As the Halloween decorations and pumpkins are replaced by Christmas stockings and candy canes in true Jack Skellington fashion, it’s the perfect time to watch that good old Tim Burton movie–The Nightmare Before Christmas–that so many of us love. But what is it about this stop-motion cult classic that has such great replay value for its fans?
Need I say more? I get the impression that he was meant to be created with as much charisma as possible. Plot wise, it’s to demonstrate how loved he is by the residents of Halloween Town. But it’s not only the characters in the film that fall head-over-heels for the Pumpkin King. He’s attracted many female viewers over the years and it’s one of those phenomenons where his appeal is difficult to determine. Is it his personalty? The hopeful misunderstood dreamer that feels happiness and sadness deeply. Is it the animation? His elegant movements and long arms that can envelop Sally so perfectly. Is it his voice? Chris Sarandon’s (The Princess Bride) gentle silky voice combined with Danny Elfman’s more crusty passionate vocals for the songs. Whatever it is, I doubt this movie would be even half as popular if a generic less charming character took the lead.

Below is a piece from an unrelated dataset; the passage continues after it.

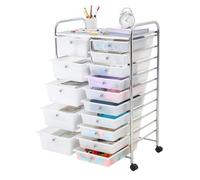 VEVOR Carrito Organizador de Metal con 15 Cajones de Doble Fila, Carrito de Almacenamiento con Ruedas Giratorias 360° y 2 Frenos, para Cocina Manualidades Garaje Dormitorio Oficina y Baño, Blanco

There are so many exceptionally creepy and fascinating characters in this world that I’ll never be able to mention them all. There’s the Mayor, Oogie Boogie, Zero the dog, Sandy Claws, the Clown with the Tear-away Face, the trick-or-treaters Lock, Shock and Barrel, the Werewolf and the Vampires. My personal favourite is the The Melted Man with his dripping tar-like face. The animation of that guy still amazes me today. My apologies if I’ve missed one you love.
And don’t worry, I haven’t forgotten Sally (voiced by Catherine O’Hara). This ragdoll patched together by the evil scientist Doctor Finklestein is more than just a love-interest for Jack. She’s caring, smart and independent. She’ll use clever escape attempts (including dropping herself from a tower and then stitching her own body back together) to gain freedom. She even goes out of her way to help Jack amend his mistakes. And let’s face it, her design is awesome too. It’s no surprise her costume is such a popular choice for Halloween.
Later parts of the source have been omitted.